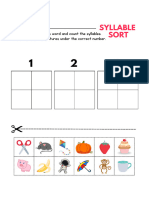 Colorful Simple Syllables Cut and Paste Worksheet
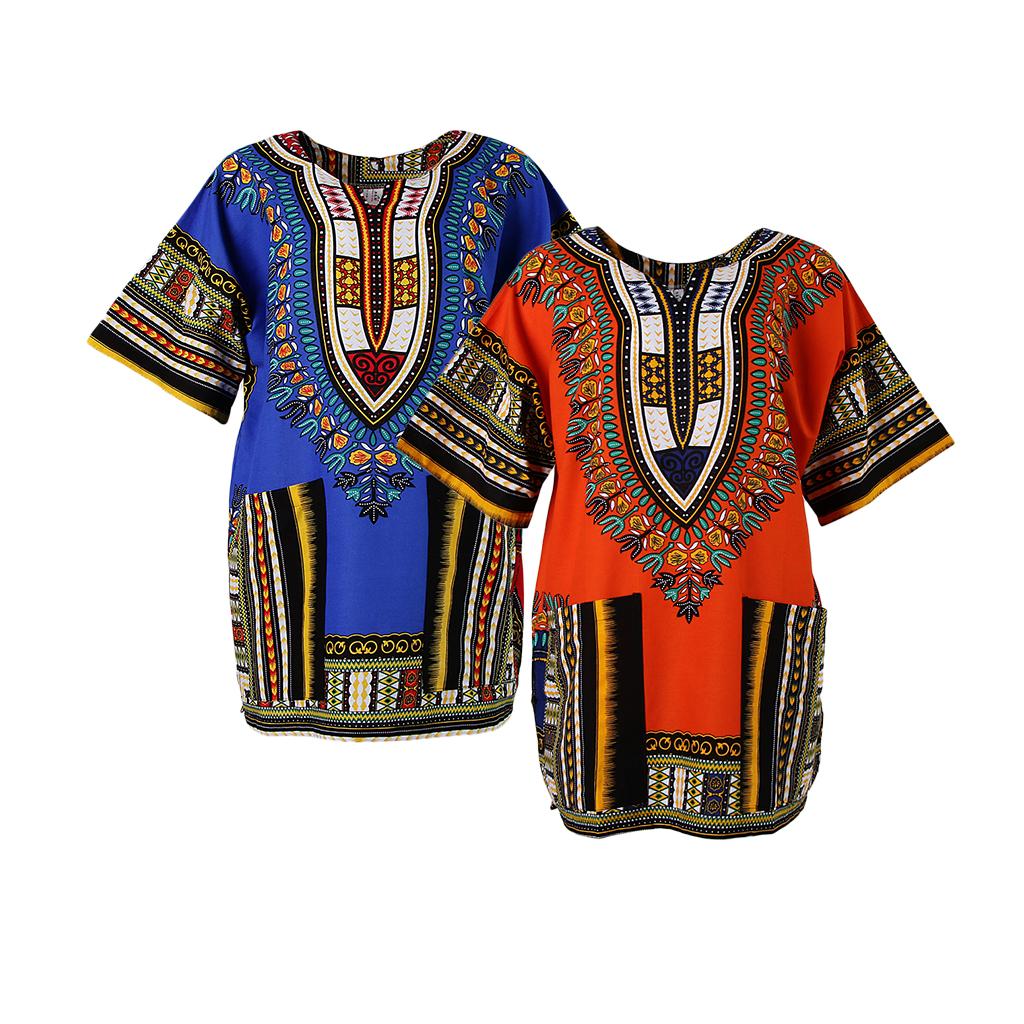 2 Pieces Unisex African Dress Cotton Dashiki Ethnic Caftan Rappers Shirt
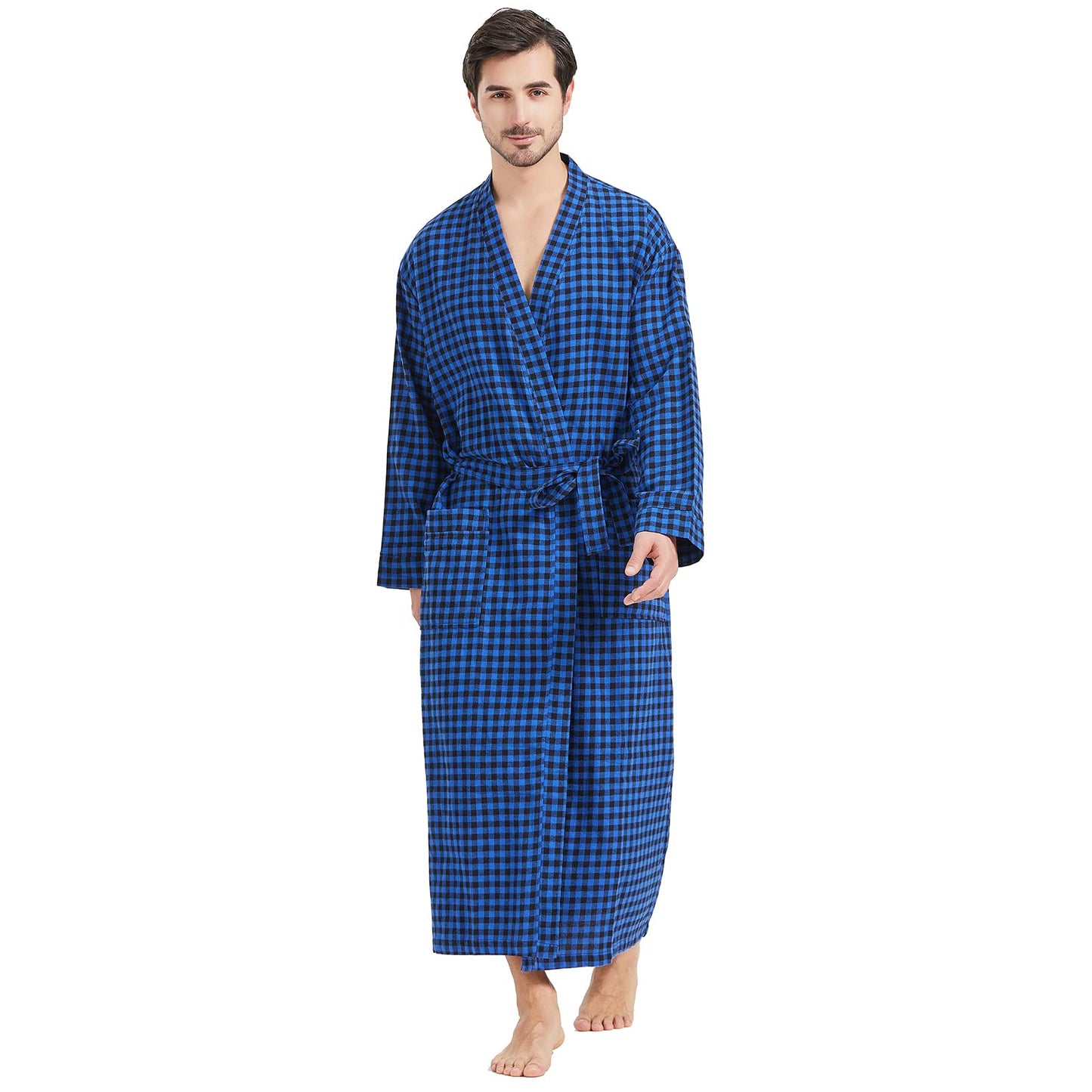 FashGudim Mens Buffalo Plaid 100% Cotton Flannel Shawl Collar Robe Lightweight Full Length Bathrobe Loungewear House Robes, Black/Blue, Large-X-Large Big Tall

★ ★ ★ ★

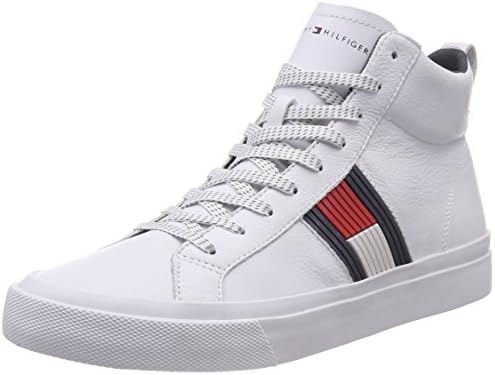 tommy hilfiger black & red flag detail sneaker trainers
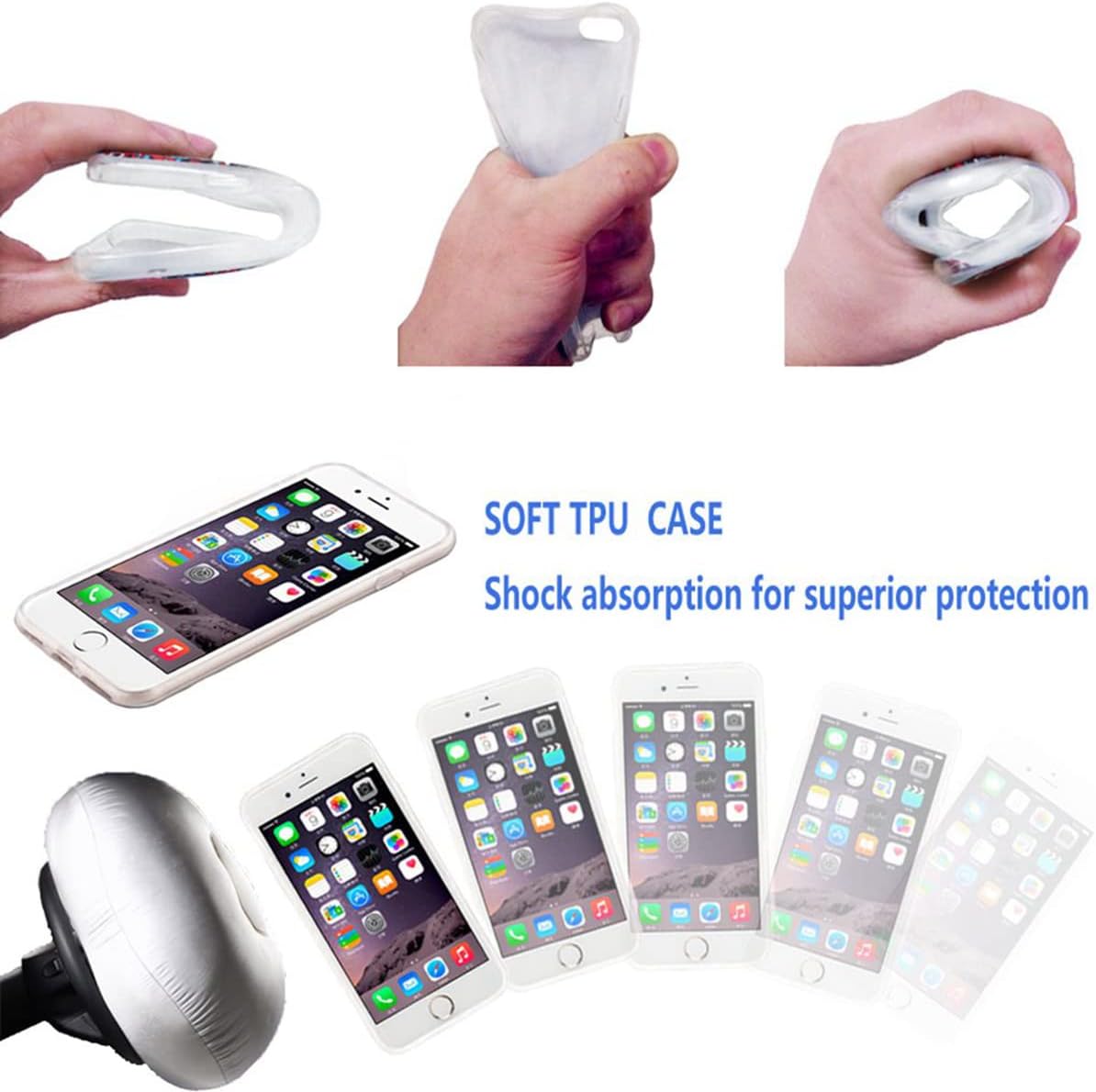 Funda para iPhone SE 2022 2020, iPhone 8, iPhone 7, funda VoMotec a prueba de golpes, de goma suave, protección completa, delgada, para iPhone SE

★ ★ ★ ★

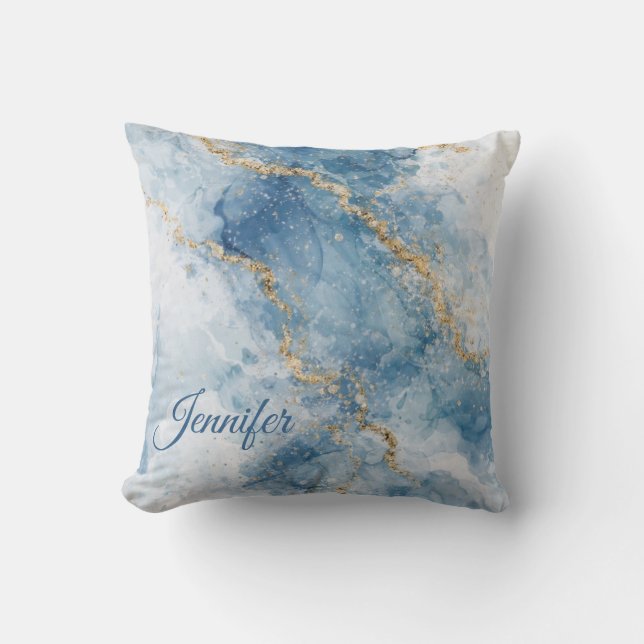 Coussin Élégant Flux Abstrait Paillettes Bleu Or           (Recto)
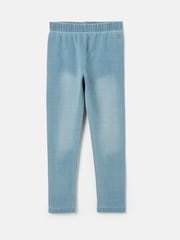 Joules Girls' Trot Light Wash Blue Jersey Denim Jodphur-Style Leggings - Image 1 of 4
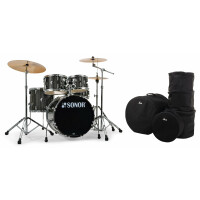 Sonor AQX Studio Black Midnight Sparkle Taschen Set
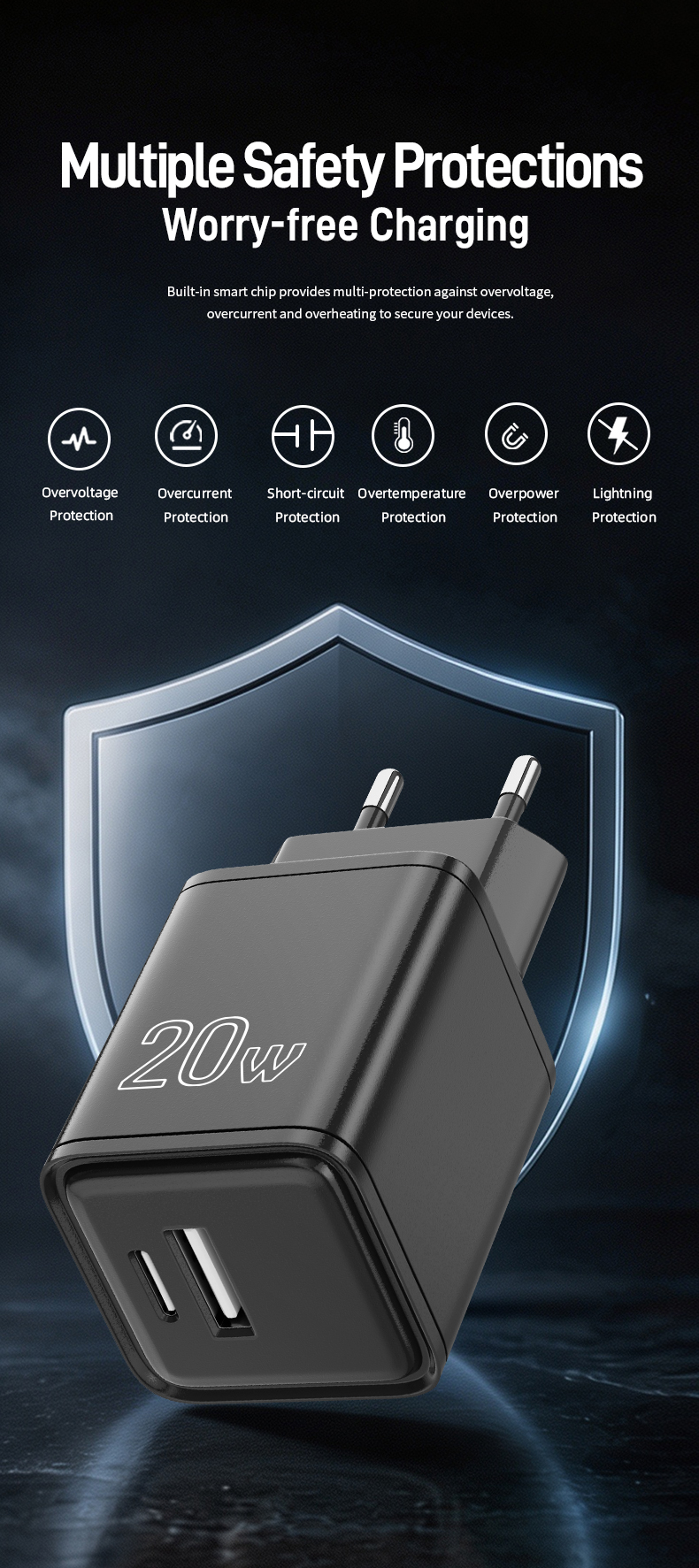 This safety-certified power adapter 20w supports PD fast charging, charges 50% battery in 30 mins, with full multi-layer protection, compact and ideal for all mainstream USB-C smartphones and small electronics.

★ ★ ★ ★

I'd like the lines above repeated exactly, from the one that contains "Colorful Simple Syllables" through the one that contains "FashGudim Mens Buffalo", with no pictures.

_Result of the exercise_:
 Colorful Simple Syllables Cut and Paste Worksheet
 2 Pieces Unisex African Dress Cotton Dashiki Ethnic Caftan Rappers Shirt
 FashGudim Mens Buffalo Plaid 100% Cotton Flannel Shawl Collar Robe Lightweight Full Length Bathrobe Loungewear House Robes, Black/Blue, Large-X-Large Big Tall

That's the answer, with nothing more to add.